Regional Centre of Medical Genetics Dolj, Emergency County Hospital Craiova, 200642 Craiova, Romania.
Laboratory of Human Genomics, University of Medicine and Pharmacy of Craiova, 200638 Craiova, Romania.
Genes (Basel). 2022 Jul 15;13(7):1253. doi: 10.3390/genes13071253.
Early-onset developmental epileptic encephalopathy (DEE) refers to an age-specific, diverse group of epilepsy syndromes with electroclinical anomalies that are associated with severe cognitive, behavioral, and developmental impairments. Genetic DEEs have heterogeneous etiologies. This study includes 36 Romanian patients referred to the Regional Centre for Medical Genetics Dolj for genetic testing between 2017 and 2020. The patients had been admitted to and clinically evaluated at Doctor Victor Gomoiu Children’s Hospital and Prof. Dr. Alexandru Obregia Psychiatry Hospital in Bucharest. Panel testing was performed using the Illumina® TruSight™ One “clinical exome” (4811 genes), and the analysis focused on the known genes reported in DEEs and clinical concordance. The overall diagnostic rate was 25% (9/36 cases). Seven cases were diagnosed with Dravet syndrome (likely pathogenic/pathogenic variants in SCN1A) and two with Genetic Epilepsy with Febrile Seizures Plus (SCN1B). For the diagnosed patients, seizure onset was <1 year, and the seizure type was generalized tonic-clonic. Four additional plausible variants of unknown significance in SCN2A, SCN9A, and SLC2A1 correlated with the reported phenotype. Overall, we are reporting seven novel variants. Comprehensive clinical phenotyping is crucial for variant interpretation. Genetic assessment of patients with severe early-onset DEE can be a powerful diagnostic tool for clinicians, with implications for the management and counseling of the patients and their families.

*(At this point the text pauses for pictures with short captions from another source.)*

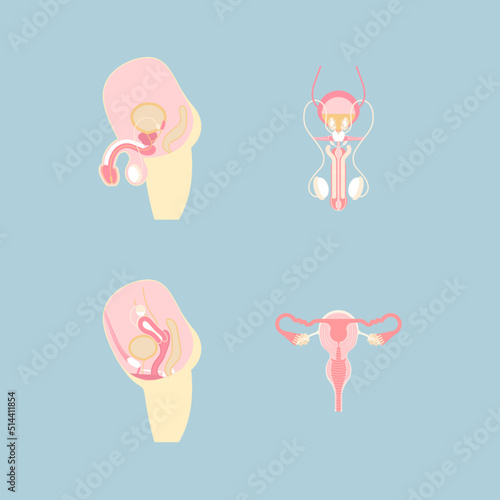 male and female reproductive system and sperm, internal organs anatomy body part nervous system, vector illustration cartoon flat character design clip art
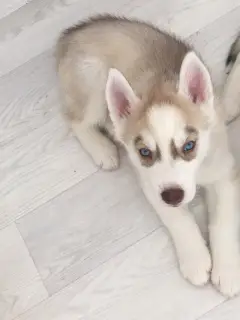 Photos supplémentaires: Les adorables garçons Husky attendent des parents aimants et responsables.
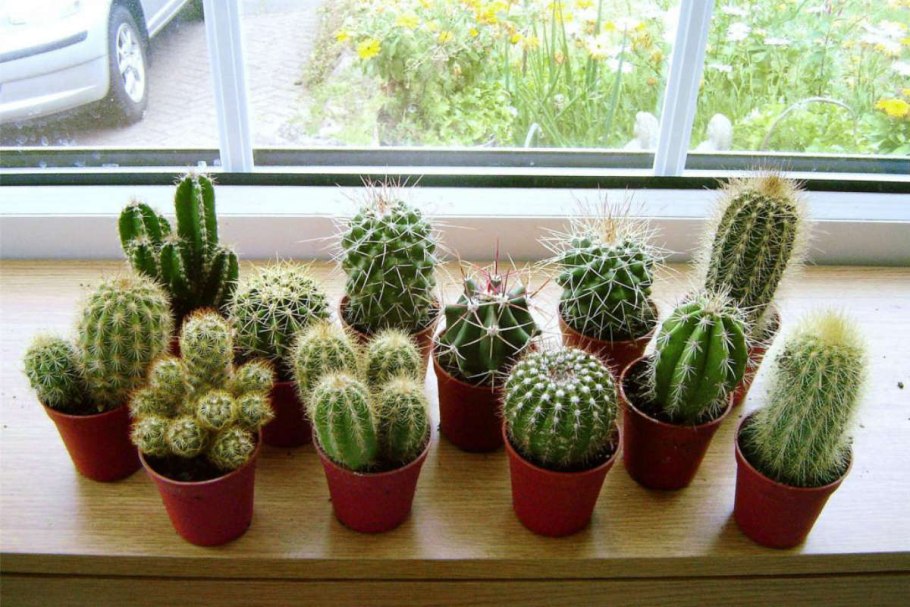 Кактус опунция мини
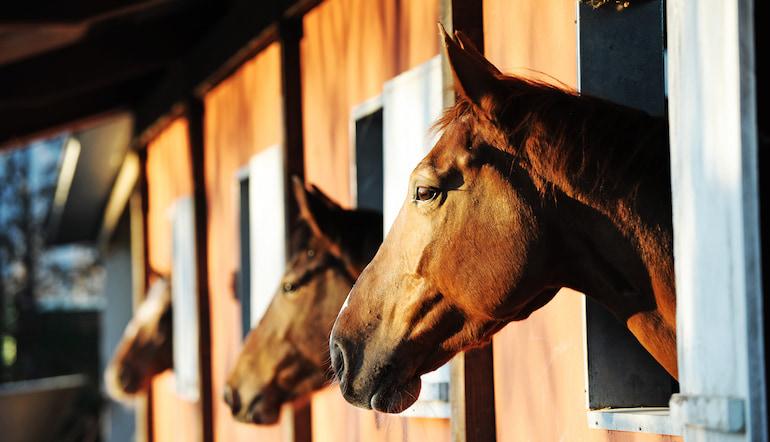 Stable Tour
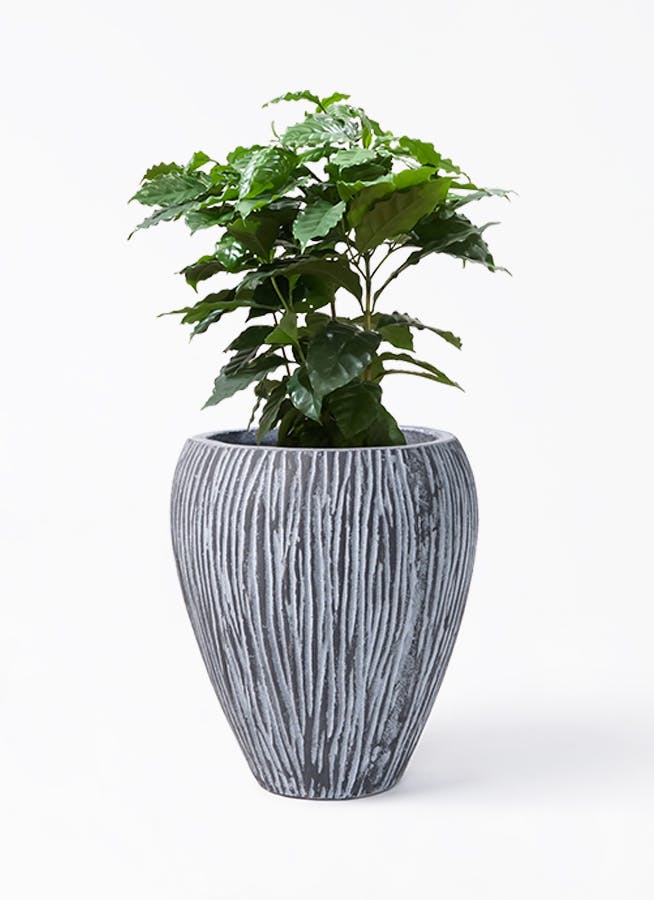 鉢カバー 黒・ブラック 8号 | 観葉植物の鉢ならHitoHana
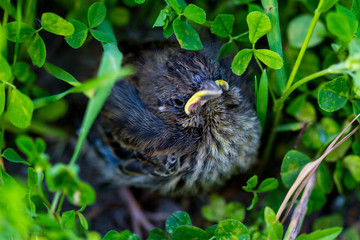 Blackbird chick fallen out of the nest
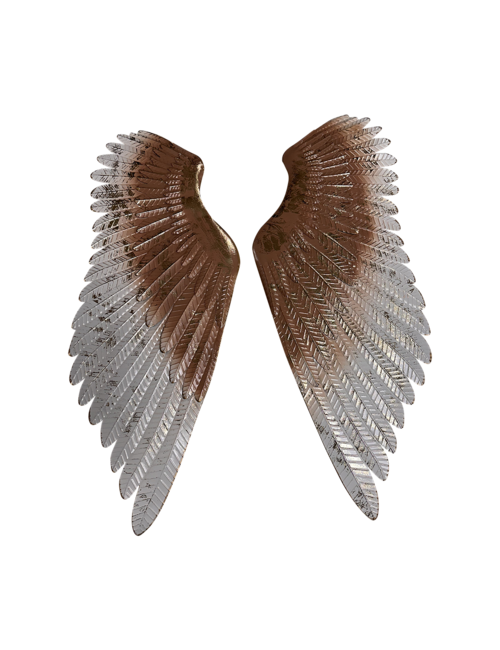 Blush wings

早发性发育性癫痫性脑病 (DEE) 是指一种特定于年龄的、具有电临床异常的癫痫综合征的多样化群体,与严重的认知、行为和发育障碍有关。遗传性 DEE 的病因具有异质性。本研究纳入了 36 名罗马尼亚患者,他们于 2017 年至 2020 年期间在多尔日地区医学遗传学中心接受基因检测。这些患者曾在布加勒斯特的 Victor Gomoiu 儿童医院和 Alexandru Obregia 精神病医院接受过住院治疗和临床评估。采用 Illumina® TruSight™ One“临床外显子组”(4811 个基因)进行面板检测,分析重点为 DEE 和临床一致性相关的已知基因。总体诊断率为 25%(36 例中的 9 例)。7 例诊断为 Dravet 综合征(SCN1A 中可能致病/致病性变异),2 例诊断为伴热性惊厥附加症的遗传性癫痫(SCN1B)。对于已确诊的患者,癫痫发作起始于<1 岁,发作类型为全面强直阵挛性发作。SCN2A、SCN9A 和 SLC2A1 中另外 4 种可能具有未知意义的变异与报告的表型相关。总体而言,我们报告了 7 种新的变异。全面的临床表型分析对于变异解释至关重要。对严重早发性 DEE 患者进行基因评估可以为临床医生提供一种强大的诊断工具,对患者及其家属的管理和咨询具有重要意义。